Healthy aging is accompanied by decreased cognitive abilities and a parallel decline in sleep quantity and quality. Given a wealth of researc in healthy young adults and animal models illustrating a benefit of sleep on memory and other cognitive processes, our overarching objective is to understand whether changes in sleep may account for changes in cognitive abilities in healthy aging. The specific objective of this application is to probe whether learning is benefitted by sleep in healthy older adults as compared to healthy young adults. In addition to probing memory following intervals of sleep and wake, we will investigate whether the memories were restructured over sleep and the neurophysiological underpinnings of observed changes. Sleep's function on declarative and procedural learning is unique, each being associated with distinct sleep stages and physiological markers. Therefore, we will separately probe declarative and procedural learning.

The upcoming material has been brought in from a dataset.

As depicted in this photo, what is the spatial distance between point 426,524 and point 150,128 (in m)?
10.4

In Specific Aim 1 we will examine whether procedural memories are benefitted by sleep in older adults. Preliminary data suggests an age-related decline in sleep-dependent memory consolidation for such tasks, a deficit we predict is associated with fragmentation of the critical sleep stage.
In Specific Aim 2 we will examine whether declarative memories are benefitted by sleep in healthy older adults. Preliminary data suggest that declarative memory performance of older adults is greater following sleep relative to wake, similar to young adults. We will probe whether this result reflects a reorganization of the memory and whether it is a general property of the declarative memory domain. The proposed research is innovative as it applies a novel concept to the field of cognitive aging, utilizes novels techniques (polysomnography) for this field, and seeks to shift the treatment and preventive strategies for age-related cognitive deficit to sleep targets. Moreover, the proposed work is significant in advancing our understanding of cognitive deficits in other diseases in which sleep disturbances are frequently observed by describing the scope of the sleep-cognition relationship in the control population.
The proposed research is relevant to public health because understanding the sleep-memory relationship in healthy aging will underlie novel treatments of cognitive decline in older adults and other populations with sleep-effecting diseases. Thus, this research is well-suited to the NIH mission, seeking fundamental knowledge of sleep and memory in older adults in order to enhance health and reduce the burden of aging and disease.